[Work item] Would you repeat word for word the lines of the listing that follows, from the one with "Hey guys, how" up to and including the one with "So here's our", and leave out the images?

[Source records]
◆ ◆ ◆ ◆ ◆ ◆ ◆

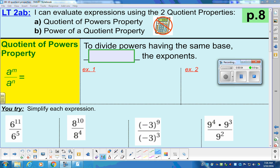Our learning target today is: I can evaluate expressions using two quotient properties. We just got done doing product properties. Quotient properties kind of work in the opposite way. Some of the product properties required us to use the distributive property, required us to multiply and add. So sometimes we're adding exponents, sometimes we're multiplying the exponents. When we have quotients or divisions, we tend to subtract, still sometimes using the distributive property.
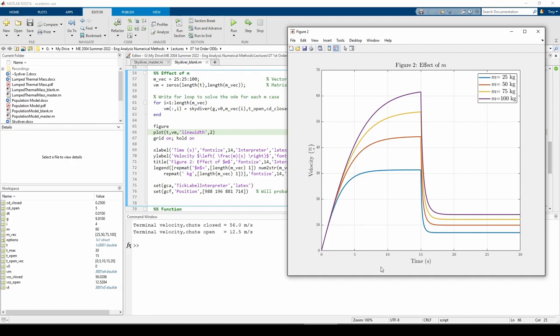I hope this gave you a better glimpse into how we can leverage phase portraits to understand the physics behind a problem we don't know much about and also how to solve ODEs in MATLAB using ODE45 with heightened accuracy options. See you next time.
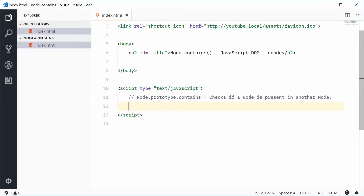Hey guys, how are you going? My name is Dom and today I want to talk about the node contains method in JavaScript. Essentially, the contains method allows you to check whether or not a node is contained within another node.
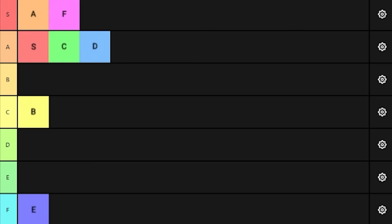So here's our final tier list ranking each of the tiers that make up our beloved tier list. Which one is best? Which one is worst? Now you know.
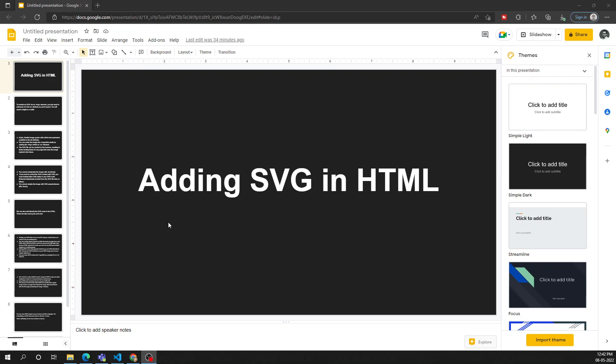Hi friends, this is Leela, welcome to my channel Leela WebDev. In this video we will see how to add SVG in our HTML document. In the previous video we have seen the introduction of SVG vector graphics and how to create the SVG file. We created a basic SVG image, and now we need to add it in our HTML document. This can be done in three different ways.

◆ ◆ ◆ ◆ ◆ ◆ ◆

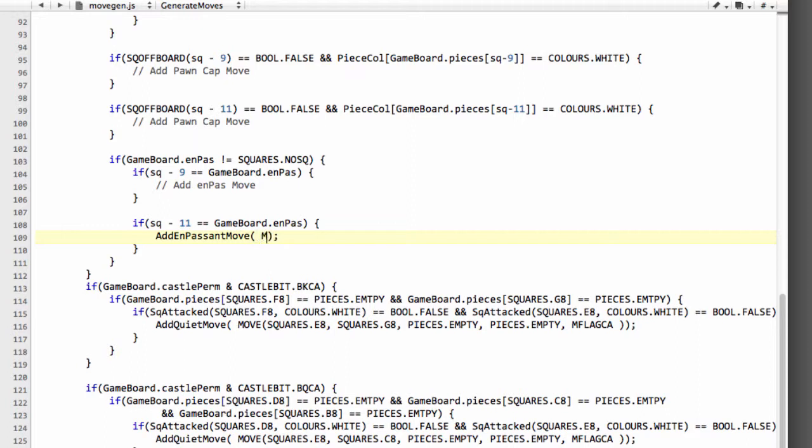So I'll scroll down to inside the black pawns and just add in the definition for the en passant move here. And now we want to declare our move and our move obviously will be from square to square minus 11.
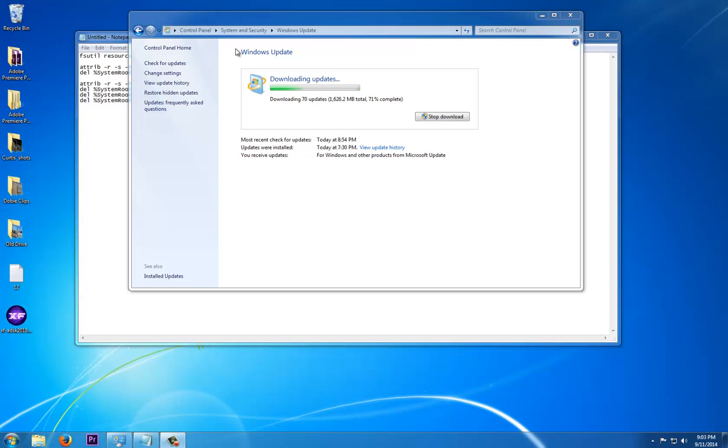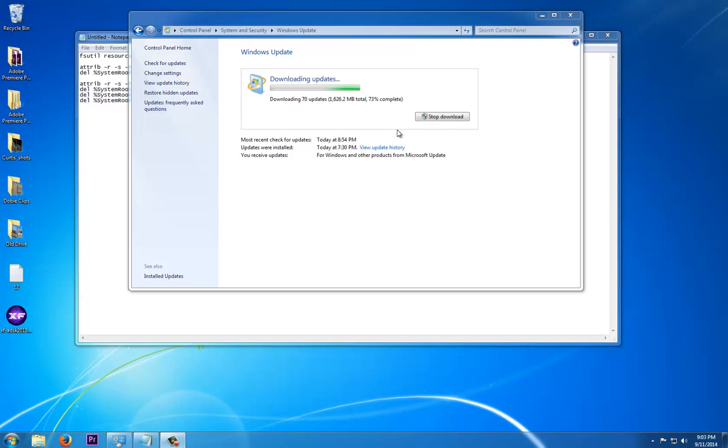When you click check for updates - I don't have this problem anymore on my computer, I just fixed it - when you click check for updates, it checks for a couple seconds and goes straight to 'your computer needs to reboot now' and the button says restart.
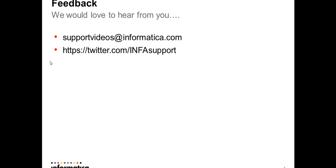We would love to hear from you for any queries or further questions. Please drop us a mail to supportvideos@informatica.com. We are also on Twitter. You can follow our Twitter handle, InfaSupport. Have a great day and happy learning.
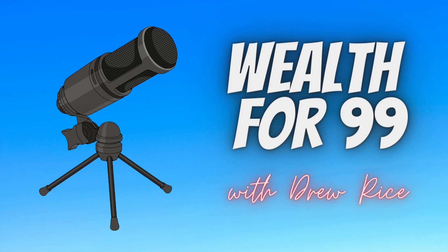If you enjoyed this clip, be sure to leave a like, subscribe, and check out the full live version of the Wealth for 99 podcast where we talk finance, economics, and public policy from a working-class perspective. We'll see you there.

◆ ◆ ◆ ◆ ◆ ◆ ◆

[Your solution]
Hey guys, how are you going? My name is Dom and today I want to talk about the node contains method in JavaScript. Essentially, the contains method allows you to check whether or not a node is contained within another node.
So here's our final tier list ranking each of the tiers that make up our beloved tier list. Which one is best? Which one is worst? Now you know.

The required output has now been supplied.